Identify Galaxies Using the Deep Learning Reference Stack
This article describes how users can detect and classify galaxies by their morphology using image processing and computer vision algorithms. We used data from the Sloan Digital Sky Survey and galaxy classification from the Galaxy Zoo project, along with the Deep Learning Reference Stack, a stack designed to be highly optimized and performant with Intel® Xeon® processors.
Data in science is always evolving and growing, and in the astronomy field it happens at an impressive pace. With technology improvements, new detectors, and better optics and instruments, Terabytes of information are available to study the universe.
The data available helps researchers ask important questions, solve problems, give support to hypotheses, and even prove theories. However, researchers must first process the data, make calculations, filter, sort, convert, and perform other operations which require computer processing. This process can become challenging and time consuming, making it important to have tools which make this task easier and faster to accomplish.
In astronomy, morphology is the study of the structural properties of galaxies. Galaxies exhibit certain characteristics or peculiarities. Features such as disk shapes, bulges, or bars for instance, give context to classifications. There are many classifications in use -- one example is the Hubble Classification. The morphology of a galaxy tells us about its evolution in time. Given the huge number of celestial objects to classify in the sky, it is necessary to find methods that make this a faster and an automated task. Many efforts have been made to accomplish such a task, involving the community with projects like Galaxy Zoo (Linott et al. 2008) in which project volunteers were asked to classify galaxy images gathered from the Sloan Digital Sky Survey (SDSS) into the following categories: elliptical, clockwise, anticlockwise, spiral, edge-on, star/don’t know, or merger.

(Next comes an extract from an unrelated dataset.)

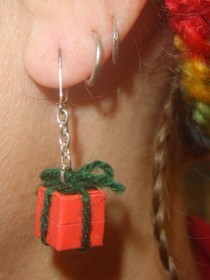 Christmas Present Earring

The Open Source community contains solutions for many problems, which sometimes present extra challenges when attempting to configure and install in a system since they contain incomplete code or documentation, for example. This article presents an example solution for a particular use case, allowing users to focus on specific tasks such as proper model training and tuning, and get results faster using the Deep Learning Reference Stack. The Deep Learning Reference Stack has the following key features:
- Deep Learning (DL) framework installed and optimized for Intel platforms.
- Supports both PyTorch* and TensorFlow* frameworks.
- Containerized solution that is host OS agnostic.
- Compatible with cloud platforms.
The initiative is focused on delivering an end-to-end user experience for customers across multiple segments from cloud to edge by fully utilizing and exposing key value-added/high-demand Intel platform features from hardware up through the application. Our goal for this use case is to provide the scientific community with an example of how to get benefits of Intel hardware using Intel optimized software.
- Deep Learning Reference Stack v5.0
- PyTorch 1.3.0
We retrieved data from the SDSS Data Release 7 and selected the galaxy classification from the Galaxy Zoo project which provides morphological classifications for nearly a million galaxies. More specifically, we used Galaxy Zoo version 1, which classifies galaxies into six categories shown in Table 1, plus a combined spiral category. Two more classes were added to represent the debiased votes in the elliptical and spiral categories, for a total of nine classes.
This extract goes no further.